O arsenal era conhecido vulgarmente pela Fundição para se destingir do estabelecimento de
construções marítimas, com seus respetivos armazéns e arrecadações,
a que o vulgo exclusivamente consignou o nome de arsenal: Porém
a verdadeira fundição, chamada de Cima, hoje Fundição
de canhões onde se fundem as peças de artilharia, é contígua
ao palácio destinado para residência do inspetor, em terreno muito
mais elevado e com serventias ingremes, fronteiro ao templo
incompleto de Santa Engrácia, no Campo de Santa Clara, e no extremo
deste campo, ao nascente, estão colocadas as ferrarias e o depósito
dos reparos e petrechos concernentes à arma de artilharia. É esta
uma parte integrante do arsenal, como também o é, a maior
distancia, o laboratório de fogos-de-artifício, a Santa Apolónia.
Vê-se, portanto, que é um corpo com os membros dispersos, o que
sem dúvida foi devido às diferentes épocas da edificação de
cada uma das partes avulsas que o compõem, e que nasceram da
necessidade de ocorrer ao fornecimento permanente e regular. Não se
quiseram perder os trabalhos já feitos, e como o terreno adjacente
não dava largas, criaram-se pelas vizinhanças os estabelecimentos
complementares.
O barão de Monte Pedral foi
quem começou, em 1842, a organizar na repartição, de Santa Clara,
um museu onde se guardassem modelos de máquinas, aparelhos e
objetos raros e curiosos, organização que foi sancionada pelo
decreto que em 1851 reformou o Arsenal do Exército. Mais tarde,
quando foi dada nova organização à arma de artilharia, em 1869,
passou o museu a estar a cargo do diretor da fábrica de armas. Em
1876, sendo diretor geral de artilharia, o general António Florêncio
de Sousa Pinto, foi o museu transferido para o edifício da Calçada
Nova, onde esteve instalado O extinto colégio dos aprendizes do
Arsenal do Exército.
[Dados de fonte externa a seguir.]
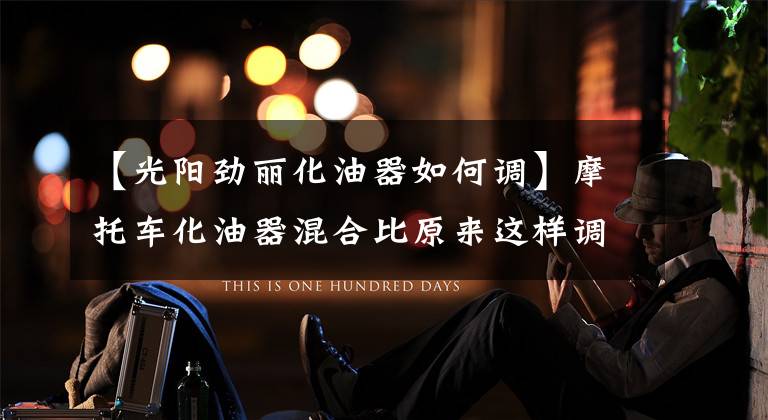 【光阳劲丽化油器如何调】摩托车化油器混合比原来这样调，终于找到简捷方法了！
Foi encarregado deste trabalho o capitão de
artilharia Eduardo Ernesto de Castelo Branco, nomeado em 5 de
outubro de 1876 diretor do Museu de Artilharia, cargo que
actualmente exerce. Foi neste edifício que, na melhor disposição
das diferentes coleções, se atendeu á parte decorativa do
referido museu. Em 1895, sendo grande a ruina do edifício da Fundição
de Baixo, onde estavam instaladas as repartições do comando geral
da artilharia, tratou-se de criar recursos para proceder a um
concerto radical, que o pusesse ao abrigo de uma destruição
completa. Cuidou-se primeiro de se reconstruir a parte antiga, e
depois da sua ampliação até ao largo dos Caminhos de Ferro. Foi
em outubro de 1896 que começou a
instalação das repartições do comando-geral da artilharia no rés-do-chão
do edifício, destinando-se o andar nobre e o pátio da Fundição
de
Baixo para a instalação do Museu de Artilharia. Nos fins de
novembro de 1900, foi autorizada a criação de novos recursos
propostos, para com eles se fazer uma frente para o largo dos
Caminhos de Ferro.
As
instalações do museu tornam-se notáveis pelas magníficas obras
de talha, estátuas e quadros de autores portugueses, como os de
Bruno José do VaIe e de Columbano Bordalo Pinheiro. Os quadros de
Bruno são cópias dos de Lebrun no palácio de Versailles e alegóricos
a feitos históricos, e os de Columbano dizem respeito a feitos
militares das armas portuguesas nas diferentes partes do mundo. A
ornamentação do museu é completada com decorações feitas com elementos de
material de guerra. O edifício do Arsenal do Exército é de agradável aspeto, construído de cantaria magnífica e bem
lavrada. Tem uma bela fachada. As colunas que adornam a porta são
da ordem coríntia e monólitos. Sobre a janela principal estão as
armas portuguesas, e o entablamento é coroado de troféus
militares, tudo de mármore. Em frente da fachada havia um pequeno terreiro, que em 1874 se alargou com o terreno conquistado
ao Tejo, tomando então o título de Largo da Fundição. No
pavimento inferior estão os vastos armazéns de arrecadação, que
constituem o primeiro depósito, segundo o regulamento de 1 de julho
de 1834. O arsenal distingue-se como museu militar e como
estabelecimento industrial. Vêem-se ali armas de todas as épocas,
armaduras antigas e bocas-de-fogo, que só hoje se admiram como
recordação e como espécimen do tempo em que foram fundidas. Como
estabelecimento industrial encontram-se ali os trabalhos metalúrgicos
mais perfeitos do país, muitos dos quais rivalizam com os melhores
do estrangeiro. No andar superior do lado do norte do corpo central,
estão a secretaria, a contadoria, o arquivo e outras secções da
inspeção geral do arsenal. Do lado do sul vêem-se as cinco
importantes salas de armas, que compõem o Museu de Artilharia.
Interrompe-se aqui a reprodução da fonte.